Brilliant classic rock event soothes the autumn blues

This was a wonderful event delivering in every department. Great music, great atmosphere, great facilities, and great friendly people … what more could you want?

Although a relatively seasoned reviewer this event was a first in a number of areas; this was our first Classic Rock Tours event, and a first taste of an indoor music weekend on a holiday park.

Let’s get the latter out of the way first – the venue was fabulous. Held at the luxurious Vauxhall Holiday Park in Great Yarmouth, the location could not have been better suited. The main auditorium was massive – you needed those six big screens to capture all the action. With tables and chairs and various stalls either side, and a large dance floor and bar facing the stage, the atmosphere was electric. Spacious but intimate too. Air Con kept things comfortable mind. The second music room was also a respectable size with good facilities. We’d wondered in advance if this kind of indoor bash would be like a ‘festival’ or a series of gigs … it’s neither but also both at the same time! It’s actually more cabaret – in a good way. You can watch class acts supping a real pint out of real glasses in a comfortable seat before calling it a day and returning to some excellent holiday home accommodation. Don’t get me wrong – the dance floor was often bouncing – but this is very civilised living!

On-site accommodation ranged from cutey Pods to grand veranda’d holiday home affairs. Units were modern and comfortable and priced to satisfy most pockets, you could even take your own tent or camper.

The Park boasts various eateries, takeaways, amusements, kids areas …oh, and a full blown Water Park. There were, incidentally, no signs of Rip-Off Britain in evidence here, good quality at good prices. With the delights of Great Yarmouth on the doorstep too, there was a wealth of non-music options for those occasionally tiring of the music. For prices kicking off at £119 you simply can’t fault this.

Classic Rock Tours staged an absolute cracker with LRO14. The ethos of this team can be summed up by the strong sense of community they instil in everyone connected with the events – punters, musicians, crew, everyone. There are no barriers here – the musicians mingle with the crowd, the security is extremely low key, friendly and spot on, the atmosphere is one of common camaraderie. It’s always a good sign of an event that’s got it right when you find the organisers in the pit dancing shoulder to shoulder with the punters!

Musically, FFA thought the organisers nailed it with the schedule. Although a classic rock legends centric event, there was more than enough variety seeded throughout the weekend to keep the mood and pace flowing whilst catering for most rockish tastes. From the hard driving rock of Black Star Riders, the Prog of Curved Air, to the leftfield Acid Country of Alabama 3 and Psy madness of Arthur Brown, there were plenty of diverse ‘rock’ music genres going down from the 45+ bands on show.

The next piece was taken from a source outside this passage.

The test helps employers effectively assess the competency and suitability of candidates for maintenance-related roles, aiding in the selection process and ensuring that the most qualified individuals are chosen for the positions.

Everyone will have their own opinions on the musical highlights. Safe to say the calibre of all the acts on the bill was pretty exceptional and most acts in both rooms had at least one hour slots to fully develop the show. With live music until 2am this is a packed weekend. Here are just some of the acts that rocked our boat…

Thursday’s opening party night kicked off with a fine bevy of local acts, not least Buster James who delivered a great set to get the weekend rocking.

Arthur Brown

FFA really kick-started Friday with an accomplished polished set by British stalwart blues outfit Chicken Shack fronted by the inimitable Stan Webb, before an hour of the madness that is Arthur Brown. One of the all-time great troubadours of the scene, Brown belied the years to deliver a full-on costumed stage show complete with dancing girls. Wonderful stuff. The crowd loved it, not least when Brown, in exceptional voice, delivered some haunting masterpieces from the Kingdom Come era.

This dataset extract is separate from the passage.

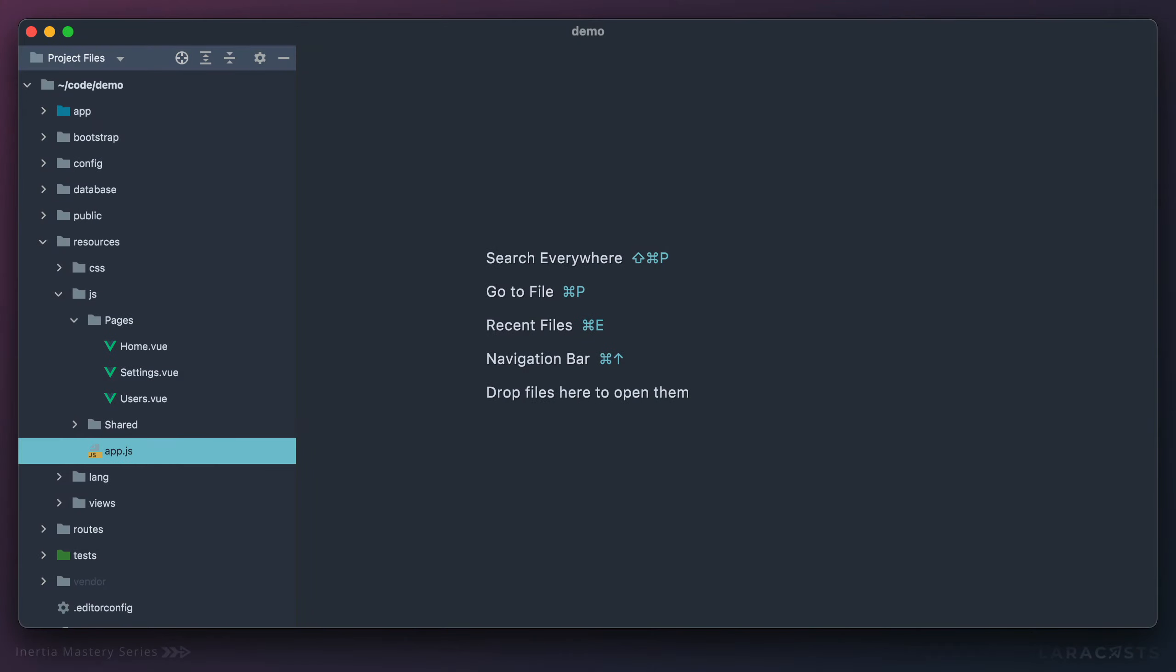Welcome back. Now, before we move on to something else, I'd like to quickly touch upon dynamic imports and how that might affect your bundle.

A splendid 75 minutes from Skinny Molly. With some great interplay between Skynyrd original Mike Estes and fellow axeman Jay Johnson lighting up the stage, when they sparked up Free Bird it was a little ‘rock moment’ in the place. Shivers down the spine. This is what Classic Rock is all about.

Blimey … two closing sets to die for and nicely illustrating the range of music on offer, and it was only Friday! Alabama 3 rode into town to deliver another blinding set of sleazy musical mastery. Acid Country, gospel, soulful blues and electronica all intertwined in the mayhem that is an Alabama 3 show. With Aurora Dawn in particularly fine voice, and The Reverend D in splendidly laconic form, the band, as always, simply ripped the place up. Great show, and, back to back with The Quireboys! One of the best live rock & roll bands around. Spike, as always, held the crowd from the first number, with Sex Party closing the night in raucous style with the 2am crowd howling for more.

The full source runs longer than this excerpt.